Cadena-Cepeda, Fernando (1977) Temperature effects on the activity coefficient of the bicarbonate ion. Dissertation (Ph.D.), California Institute of Technology. doi:10.7907/DX7Y-8N64. https://resolver.caltech.edu/CaltechTHESIS:04292014-085219405

Abstract

Natural waters may be chemically studied as mixed electrolyte solutions. Some important equilibrium properties of natural waters are intimately related to the activity-concentration ratios (i.e., activity coefficients) of the ions in solution. An Ion Interaction Model, which is based on Pitzer's (1973) thermodynamic model, is proposed in this dissertation. The proposed model is capable of describing the activity coefficient of ions in mixed electrolyte solutions. The effects of temperature on the equilibrium conditions of natural waters and on the activity coefficients of the ions in solution, may be predicted by means of the Ion Interaction Model presented in this work.

The bicarbonate ion, HCO3-, is commonly found in natural waters. This anion plays an important role in the chemical and thermodynamic properties of water bodies. Such properties are usually directly related to the activity coefficient of HCO3- in solution. The Ion Interaction Model, as proposed in this dissertation, is used to describe indirectly measured activity coefficients of HCO3- in mixed electrolyte solutions.

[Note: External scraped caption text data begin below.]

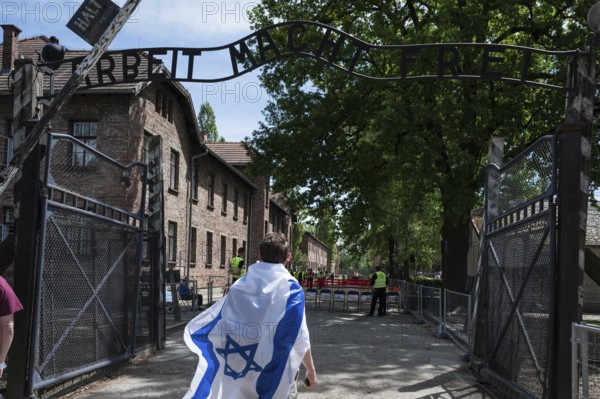 Jude wiith the Israel flag in the German nazi concentration camp Auschwitz Birkenau. Writing over
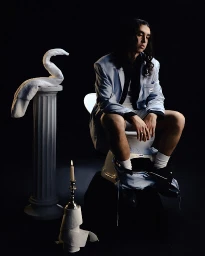 Man with long dark hair wearing a light blue blazer seated on a white pedestal with a classical column and a lit candle.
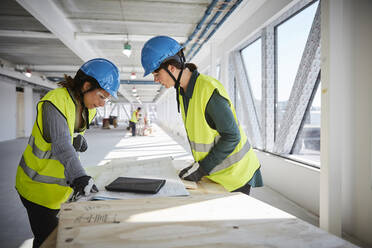 Side view of female engineers discussing over blueprint at construction site - MASF15989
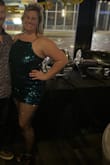 Bought both this and the Delightful Ways Magenta Sequin dress for my 40th birthday this year. I went with this one because I knew we'd be moving around. Dress was perfect for a night out of bowling and dancing. Fabric is stretchy, and the open arms allowed for tons of movement (see bowling pic!). Green is so pretty, I can't wait to wear it again. - Kira W.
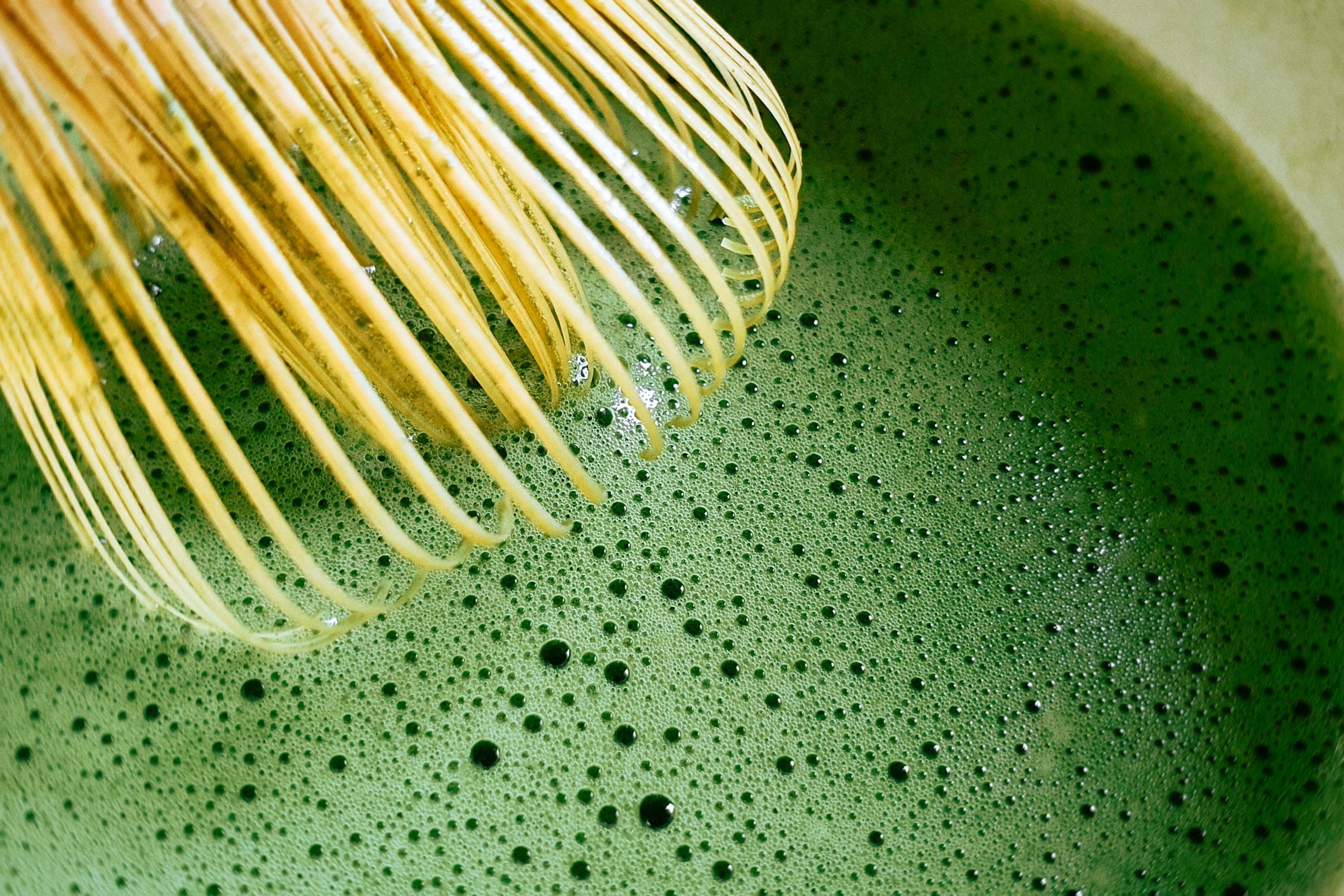 Green matcha tea or batter being whisked with a bamboo whisk.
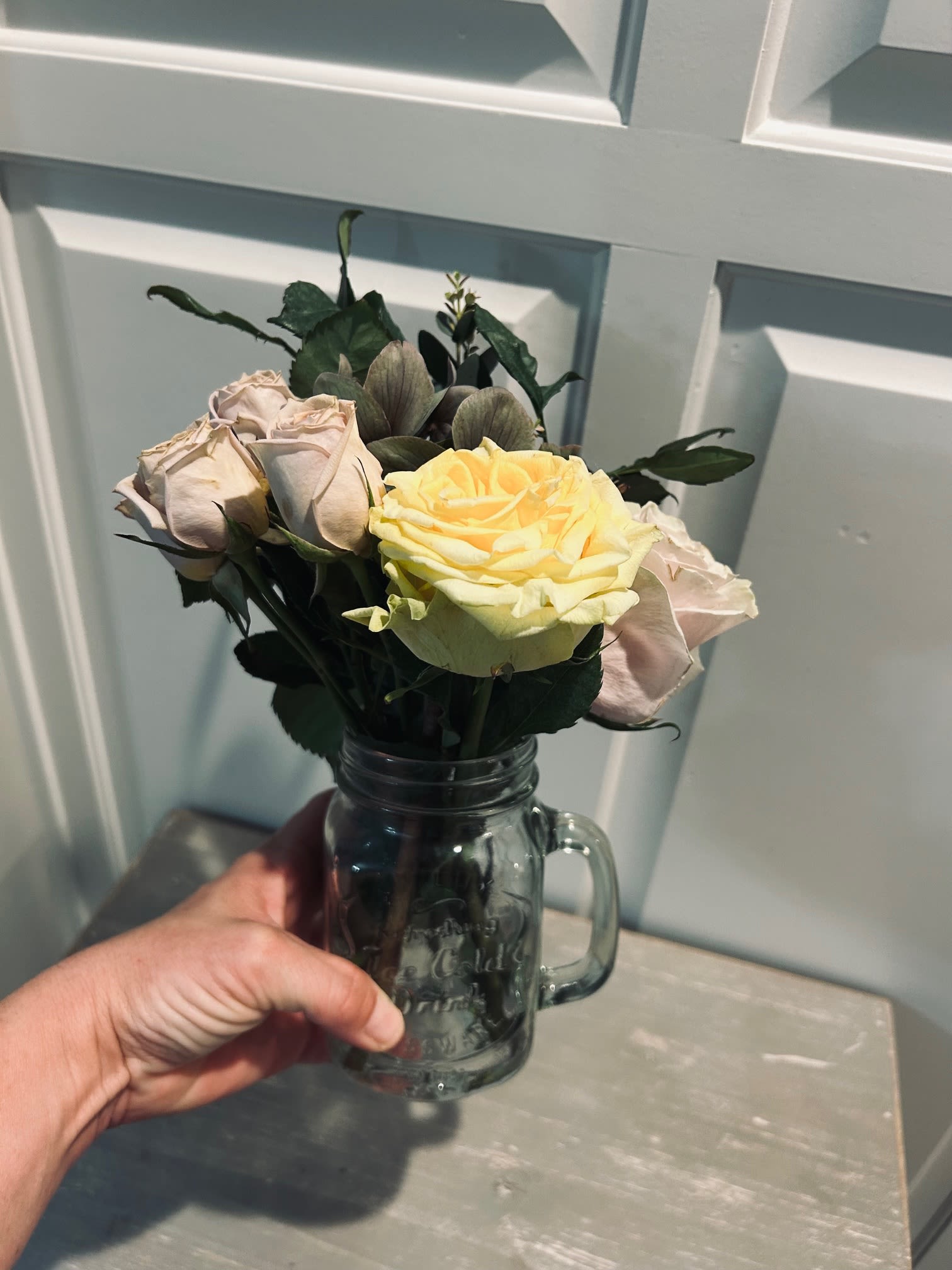 A Jar of Joy - A small glass mason jar delicately arranged and prepared with fresh cut roses, and foliage. Available in all colors.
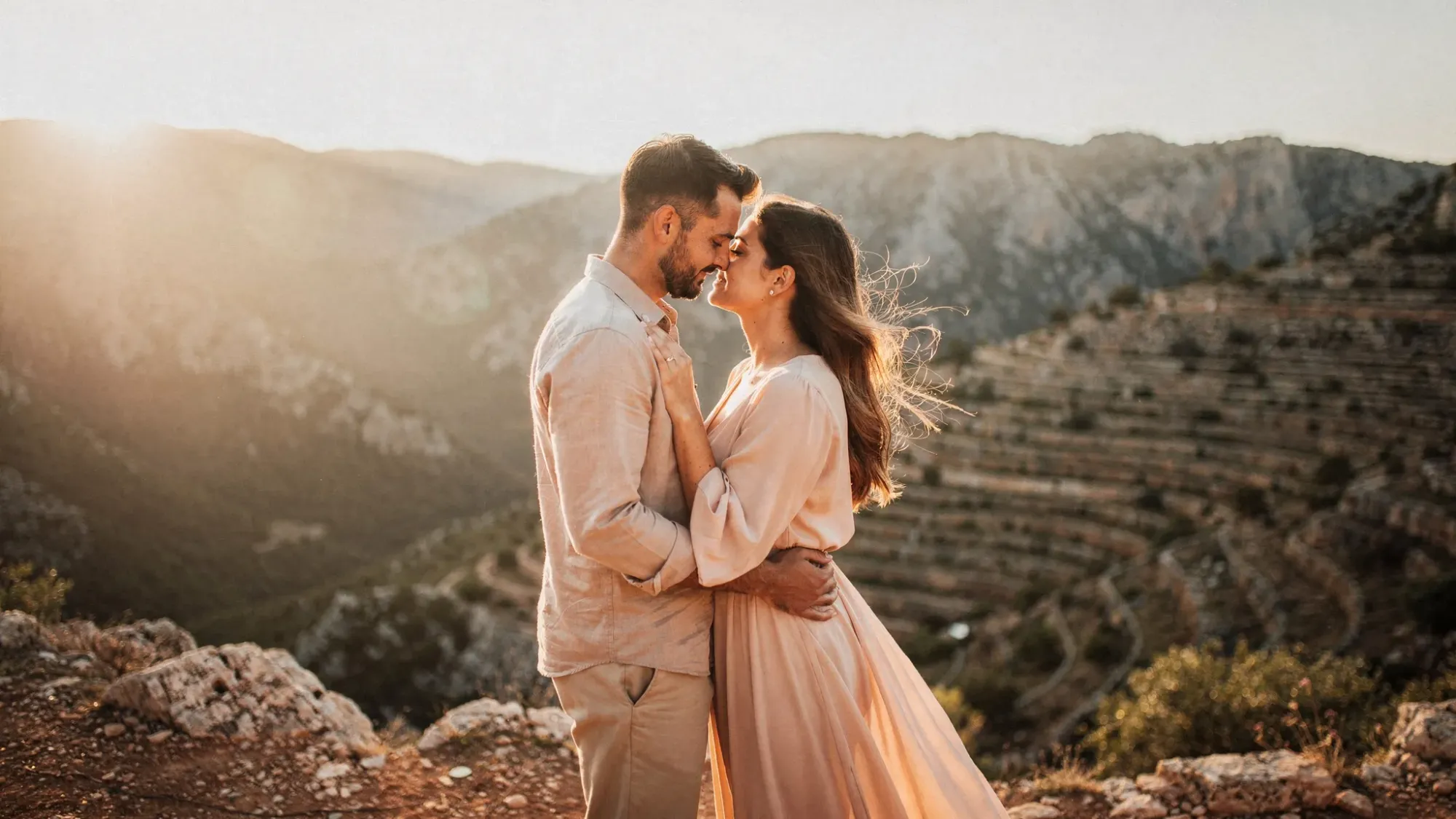 A couple standing close together on a rocky hillside near Confrides at golden hour, with soft wind moving through their clothes, Alicante mountain ridges behind them, and warm light touching the terraces below.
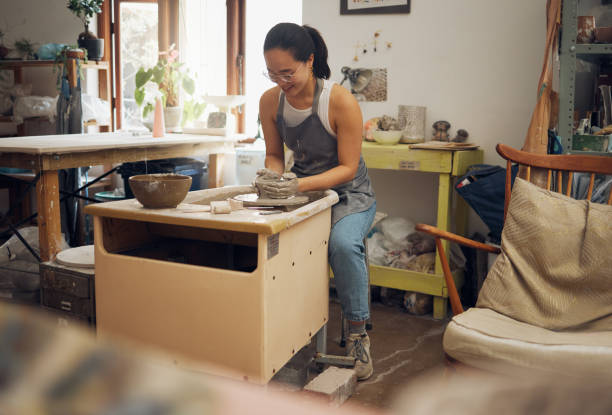 istock Clay, creative or woman in pottery workshop working on a cup sculpture or mug mold in small business. Focus, artistic girl or happy Japanese designer manufacturing handicraft products as entrepreneur 1473188452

Experimental pH measurements of MCl-MHCO3 and MCl-H2CO3 solutions at 25°C (where M = K+, Na+, NH4+, Ca2+ or Mg2+) are used in this dissertation to evaluate indirectly the MHCO3 virial coefficients. Such coefficients permit the prediction of the activity coefficient of HCO3- in mixed electrolyte solutions. The Ion Interaction Model is found to be an accurate method for predicting the activity coefficient of HCO3- within the experimental ionic strengths (0.2 to 3.0 m). The virial coefficients of KHCO3 and NaHCO3 and their respective temperature variations are obtained from similar experimental measurements at 10° and 40°C. The temperature effects on the NH4HCO3, Ca(HCO3)2, and Mg(HCO3)2 virial coefficients are estimated based on these results and the temperature variations of the virial coefficients of 40 other electrolytes.

Finally, the Ion Interaction Model is utilized to solve various problems of water chemistry where bicarbonate is present in solution.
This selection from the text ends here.